Islaja is the stage name of a Finnish visual artist and musician named Merja Kokkonen. She’s already released two albums on Fonal; on another site I saw her referred to as the label’s “secret weapon.” Ulual YYY is the first of her albums to have shown her on the cover with her eyes open. The drawing on the front of her debut album, Meritie, had white birds obscuring her face from her ears to the bridge of her nose. On the second album, Palaa Aurinkoon, her eyes were shut, and a comet-like symbol made up of a red circle and sunshine-flares of yellow was hovering above her.

This time she’s crouching in a winter forest, staring ahead at some unknown thing off the side of the photograph. There’s a scattering of snow trailing away through the trees behind her and a branch leaning across the top of her head. The camera has that branch so sharply in focus that every flake of olive-grey lichen attached to the bark has its own fringe of shadow. Islaja herself is slightly less crisp, and the snow far behind her is starting to blur. There is no border on the photograph. By implication the landscape stretches beyond the edges of the cardboard cover, pressing outwards, asking to be touched.

This photograph, with its different planes of focus, works as a useful illustration of the music inside the album. Islaja makes much of foregrounds and backgrounds, of sharpness and fuzz. This is a music of layers. She establishes that from the beginning, contrasting the deep, swollen notes of a piano with a higher, more precise, bee-like twang and the sound of her own voice, which wobbles along between the two extremes and veers periodically off-microphone. In “Muusima”, notes of different pitches rise over one another almost chaotically. “Suru Ei” combines horns and jingle bells, as if she is trying to summon elusive reindeer (do the shamanic elements of her work, I wonder, owe anything to the Sami of northern Finland, the indigenous people who herd reindeer and used to be known as the Lapps?), but the horns are in the background and the bells in the foreground, as if we, the listeners, are the ones being summoned. Listening to this music can be like trying to sort out a Peter Greenaway film. The denseness takes a while to unwind.
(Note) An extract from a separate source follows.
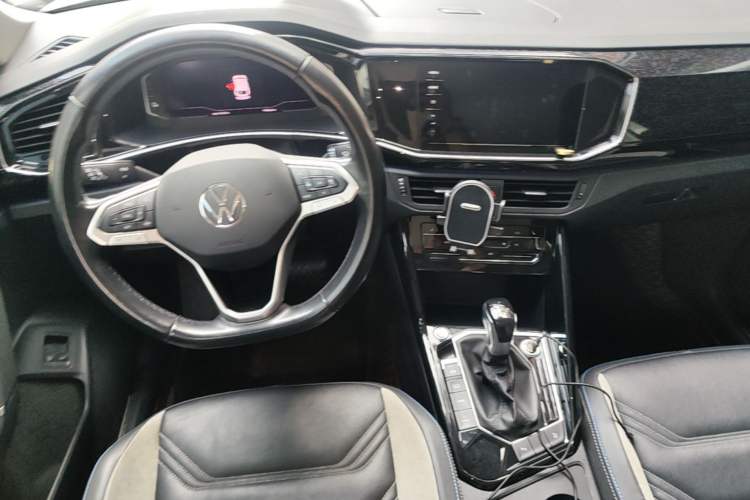 Used Volkswagen Tayron GTE Plug-in Hybrid 2020 1.4T Luxury Model Steering Wheel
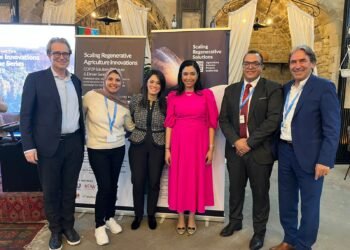 Insurance Federation of Egypt Acquires 350 Carbon Emission Reduction Certificates from the Economy of Love Standard via Regulated Voluntary Carbon Market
The great thing about this is that it turns the album into a musical perpetual motion machine, renewing itself every time I put it on. Different parts of each song come into focus on successive plays. The tangle that I thought I was hearing the first time I listened to Ulual YYY has been transformed (and it does seem like a transformation, like an act of magic). As I listen to it now, I realise that “Sydänten Ahmija” must have been the song that made me think that the album was a piece of freeform jazz, because it brings in a jazz saxophone that starts strongly and later begins to stagger and blurt while scratchy female voices scream. In “Laulu Jo Menneestä”, the voices hum and sigh. In “Pysähtyneet Planeetat “, they whistle while squeaking baby toys make whiskery noises.

Looking around the Internet I notice that “Varjokuvastin” seems to be the audience favourite. I’m not completely sure why. I’m going to guess that it’s because the languid tone, mated with voluptuous little sighs, suggests sex.

Ulual YYY is a beautiful album. It must be easy to think of this kind of music (freakfolk, Finnish psyche, call it what you will) as self-indulgent, the work of self-appointed mystics who don’t have the discipline necessary for a lucid three-minute pop song, but Islaja’s work here is shapely and concise. Unlike some of her contemporaries, she doesn’t throw in surprising noises just to make you jump. I wanted to give this album a 9 out of 10, but at only 40 minutes it seems slightly too short for that, but it’s definitely a solid 8.